- EXCERPTED DATA:
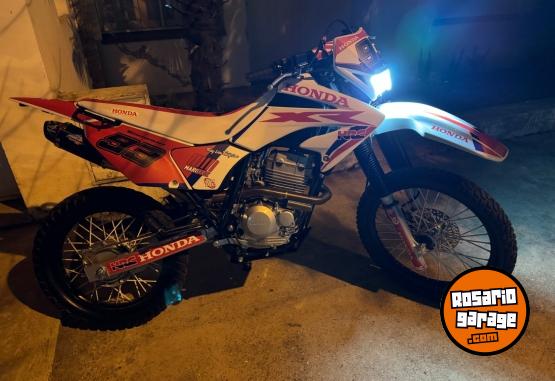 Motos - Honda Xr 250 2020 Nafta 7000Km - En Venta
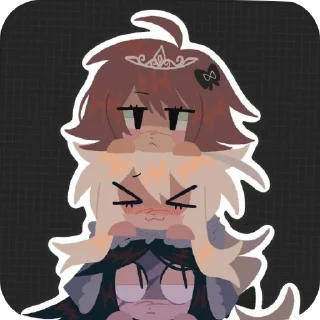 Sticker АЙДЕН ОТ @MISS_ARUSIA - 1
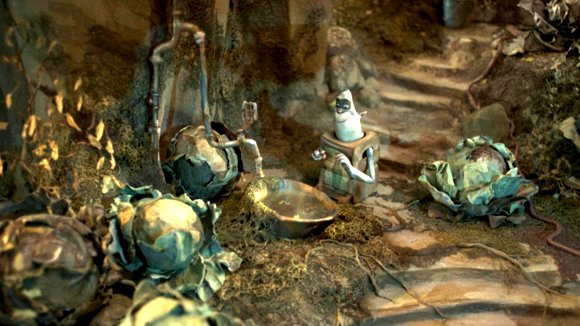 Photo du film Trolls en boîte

* * *

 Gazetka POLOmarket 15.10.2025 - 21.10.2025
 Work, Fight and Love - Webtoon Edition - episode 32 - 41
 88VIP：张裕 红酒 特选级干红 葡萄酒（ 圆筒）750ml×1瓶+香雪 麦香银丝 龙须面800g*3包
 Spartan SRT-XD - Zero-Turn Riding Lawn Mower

- TASK OBJECTIVE: Each line between the one holding "Sticker АЙДЕН ОТ @MISS_ARUSIA - 1" and the one holding "Photo du film Trolls en boîte", inclusive, should be copied exactly as it appears above, and pictures should be omitted.

- RESULT OF THIS EXERCISE:
 Sticker АЙДЕН ОТ @MISS_ARUSIA - 1
 Photo du film Trolls en boîte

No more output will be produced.